◆ Action item ◆
Begin your copy at the line with "avocado-obst-oder-gemuese" in the records below and end it at the line with "I4170030.JPG 528x400 24bit", restating each line word for word; omit the pictures.

◆ Source data ◆
========================
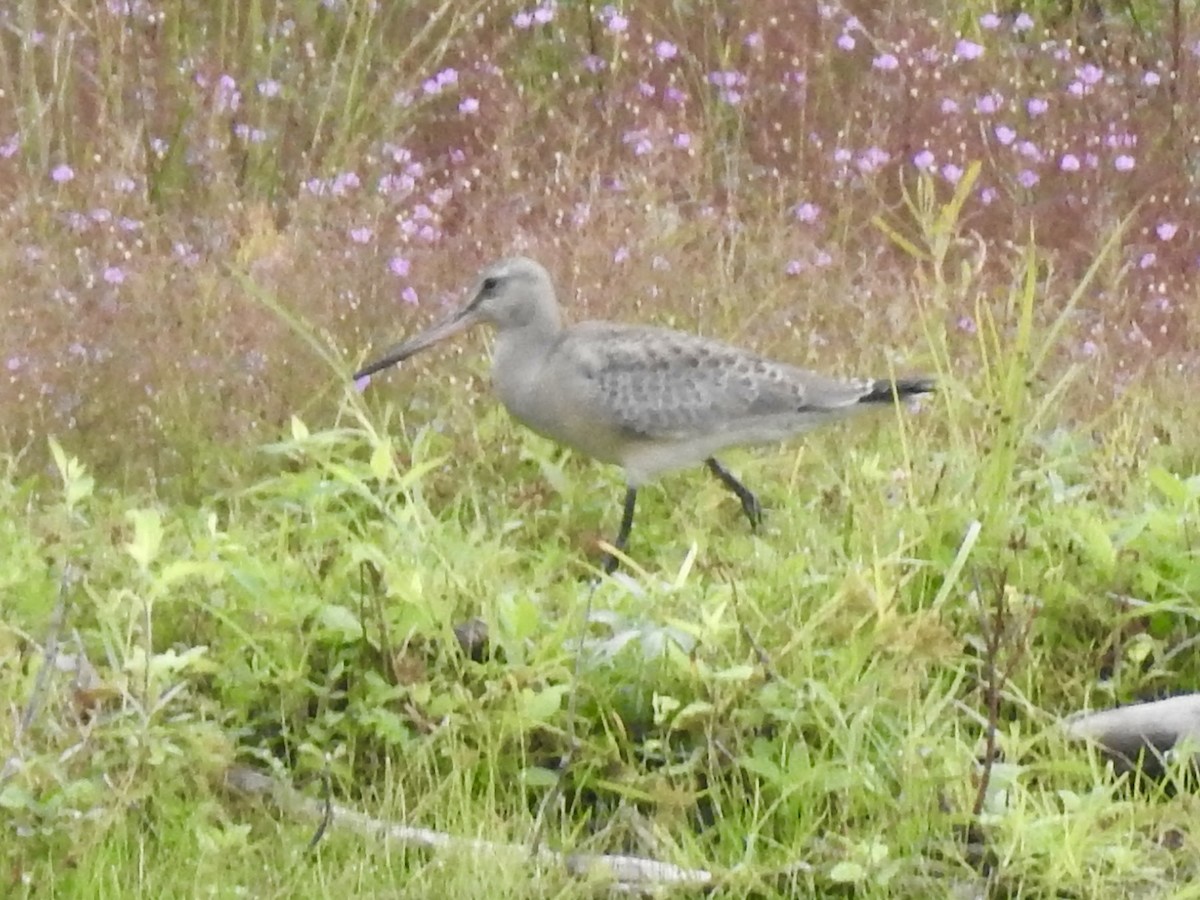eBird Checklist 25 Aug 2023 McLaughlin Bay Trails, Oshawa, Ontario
========================
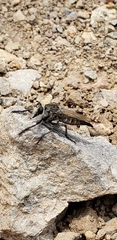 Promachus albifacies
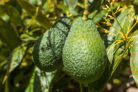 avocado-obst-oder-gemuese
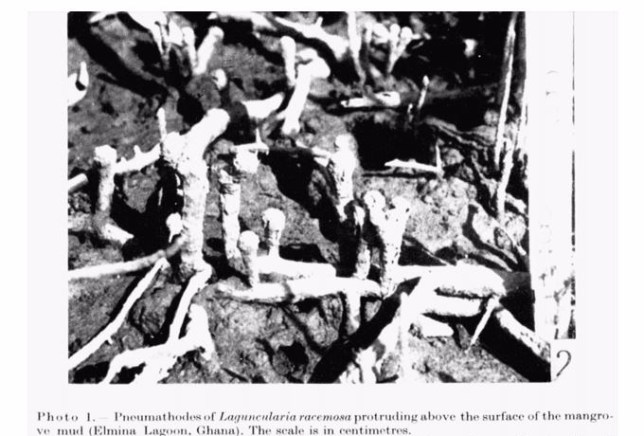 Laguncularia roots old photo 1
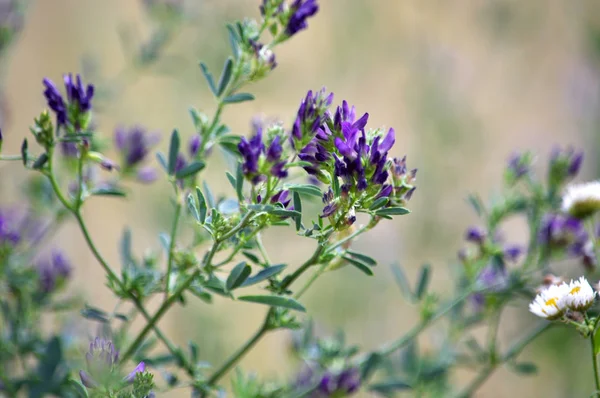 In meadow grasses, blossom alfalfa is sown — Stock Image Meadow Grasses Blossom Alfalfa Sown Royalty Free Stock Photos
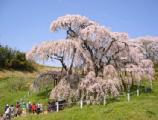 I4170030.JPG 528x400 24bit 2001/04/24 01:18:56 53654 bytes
========================
◆ Task result ◆
 avocado-obst-oder-gemuese
 Laguncularia roots old photo 1
 In meadow grasses, blossom alfalfa is sown — Stock Image Meadow Grasses Blossom Alfalfa Sown Royalty Free Stock Photos
 I4170030.JPG 528x400 24bit 2001/04/24 01:18:56 53654 bytes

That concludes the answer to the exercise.